Yes, for a long time, I even thought that LGPL stands for LibraryGPL (as opposed to Lesser). This is what the FSF has to say:
http://www.gnu.org/licenses/why-not-lgpl.html
Note that they admit that most of the GNU Libraries are LGPL, but now they decided (for reasons not stated there) that it is better to move away from that.
I think this is probably not a great decision from the FSF, in many ways (including ignoring the author of the GPL software trying to use the library). But I think there are a couple things that bother me a bit about Michael's article:
* This is clearly an opinion from him, so he should probably have an Editorial section. Since this reads like "News", but it's basically a long rant reiterating a main point, over and over.
* This same reasoning about "the FSF being restrictive" or "too strict" is a historical recipe for Falacies, or at least circular endless discussions. Because one camp says "BSD is more free, it lets you do anything". The other says "BSD allows people who screw your freedom abuse the system".
Me? I tend to agree with the latter opinion, but I think there are components like basic libraries that are better off LGPL or BSD, because by nature they need to be accessed by lots of free software with different licenses, and, at the end of the day, you want to help them all.
Cheers!
The mostly widely used version has the "or later" bit. Nobody's being punished. It was those (not the FSF) that chose to use GPLv2-without-or-later that explicitly chose to not make use of v3+ licensed code. It was a concious decision at the time, now they get to live with it. This is _not_ the FSF's fault, in any way possibly imaginable.
Licenses are designed to punish if you violate them. Every single of them.
Maybe they should have used public domain license, if they did not desire protection against stripping of four freedoms.
Also, "freedom for slaver" means "restriction for slave". "Restriction for slaver" means "freedom for slave".
"Freedom to close source down anytime" means "restriction to open the software".
"Freedom to open the software" means "restriction to close it down".
Not many licenses are free as in Freedom, but GPL definately IS the one.
So, if you step on Freedom in GPL, you trigger license violation. I don't think its hard to understand.
It was Library initially :
http://www.gnu.org/licenses/old-licenses/lgpl-2.0.html (library)
http://www.gnu.org/licenses/old-licenses/lgpl-2.1.html (lesser)

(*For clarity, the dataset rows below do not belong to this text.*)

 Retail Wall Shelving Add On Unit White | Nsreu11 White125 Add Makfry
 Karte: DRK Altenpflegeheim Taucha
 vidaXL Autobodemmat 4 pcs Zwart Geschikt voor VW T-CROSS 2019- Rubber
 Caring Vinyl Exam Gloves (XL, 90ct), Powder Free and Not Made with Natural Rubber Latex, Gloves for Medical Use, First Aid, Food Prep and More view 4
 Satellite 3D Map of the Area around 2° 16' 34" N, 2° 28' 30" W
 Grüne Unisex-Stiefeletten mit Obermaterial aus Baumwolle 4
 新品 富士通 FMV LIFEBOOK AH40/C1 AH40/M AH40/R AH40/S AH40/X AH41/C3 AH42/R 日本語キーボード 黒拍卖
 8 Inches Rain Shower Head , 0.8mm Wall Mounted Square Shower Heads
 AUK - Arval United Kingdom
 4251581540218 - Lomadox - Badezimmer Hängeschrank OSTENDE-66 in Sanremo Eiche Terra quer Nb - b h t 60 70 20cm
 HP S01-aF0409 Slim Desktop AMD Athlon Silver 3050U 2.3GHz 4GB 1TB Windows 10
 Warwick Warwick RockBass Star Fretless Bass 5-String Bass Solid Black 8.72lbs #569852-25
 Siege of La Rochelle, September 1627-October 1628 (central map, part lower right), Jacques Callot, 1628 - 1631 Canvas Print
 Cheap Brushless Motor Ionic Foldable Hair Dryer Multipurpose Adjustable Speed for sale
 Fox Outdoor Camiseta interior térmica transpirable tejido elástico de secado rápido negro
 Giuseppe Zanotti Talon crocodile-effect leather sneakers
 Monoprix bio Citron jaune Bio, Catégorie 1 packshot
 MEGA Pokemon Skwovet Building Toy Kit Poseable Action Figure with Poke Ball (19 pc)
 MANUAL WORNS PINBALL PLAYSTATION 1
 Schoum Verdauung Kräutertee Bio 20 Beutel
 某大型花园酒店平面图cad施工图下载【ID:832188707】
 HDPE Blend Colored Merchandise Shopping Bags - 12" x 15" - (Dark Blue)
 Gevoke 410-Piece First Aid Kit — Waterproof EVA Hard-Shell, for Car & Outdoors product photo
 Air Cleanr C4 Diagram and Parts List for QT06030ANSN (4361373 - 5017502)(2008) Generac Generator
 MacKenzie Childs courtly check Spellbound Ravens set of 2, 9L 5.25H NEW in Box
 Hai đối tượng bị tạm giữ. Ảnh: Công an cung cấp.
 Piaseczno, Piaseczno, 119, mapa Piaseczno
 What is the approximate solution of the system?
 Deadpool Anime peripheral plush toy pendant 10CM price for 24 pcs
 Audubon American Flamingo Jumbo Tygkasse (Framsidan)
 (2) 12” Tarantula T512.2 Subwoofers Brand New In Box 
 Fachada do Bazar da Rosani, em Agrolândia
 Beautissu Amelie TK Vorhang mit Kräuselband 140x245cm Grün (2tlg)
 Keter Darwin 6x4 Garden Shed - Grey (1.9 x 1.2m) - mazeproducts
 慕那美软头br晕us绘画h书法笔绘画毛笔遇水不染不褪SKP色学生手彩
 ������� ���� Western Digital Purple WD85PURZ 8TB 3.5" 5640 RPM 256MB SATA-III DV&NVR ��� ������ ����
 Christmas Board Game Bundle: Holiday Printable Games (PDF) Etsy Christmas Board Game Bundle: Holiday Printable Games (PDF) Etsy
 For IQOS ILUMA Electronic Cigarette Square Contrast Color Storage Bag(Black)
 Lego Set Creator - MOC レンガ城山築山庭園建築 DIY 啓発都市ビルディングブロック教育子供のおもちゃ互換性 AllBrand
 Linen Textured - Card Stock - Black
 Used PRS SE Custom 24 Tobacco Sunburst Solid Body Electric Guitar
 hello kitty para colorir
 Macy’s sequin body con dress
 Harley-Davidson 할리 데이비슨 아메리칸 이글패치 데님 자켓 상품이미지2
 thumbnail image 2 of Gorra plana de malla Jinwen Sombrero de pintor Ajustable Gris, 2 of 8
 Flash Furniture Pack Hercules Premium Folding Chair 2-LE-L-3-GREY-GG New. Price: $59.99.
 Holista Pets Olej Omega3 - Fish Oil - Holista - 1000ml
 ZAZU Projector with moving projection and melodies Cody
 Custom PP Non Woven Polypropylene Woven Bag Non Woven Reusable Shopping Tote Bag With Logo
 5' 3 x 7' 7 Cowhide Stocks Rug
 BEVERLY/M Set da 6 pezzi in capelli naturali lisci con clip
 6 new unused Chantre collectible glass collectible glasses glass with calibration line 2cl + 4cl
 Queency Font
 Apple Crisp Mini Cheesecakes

As stated, the GPL licences originating from the FSF are compatible, since they have the 'or later' clause. This was explicitly removed by Ribbonsoft thus creating a 'new' GPLv2 ONLY licence that has nothing to do with FSF.
There's nothing 'wrong' with them doing this, everyone has the right to licence 'their' code as per 'their' wishes, however the problems generated by this choice as discussed in the article does not fall on FSF, as it is Ribbonsoft who chose to make their code GPLv2 ONLY and thus incompatible with later GPL versions.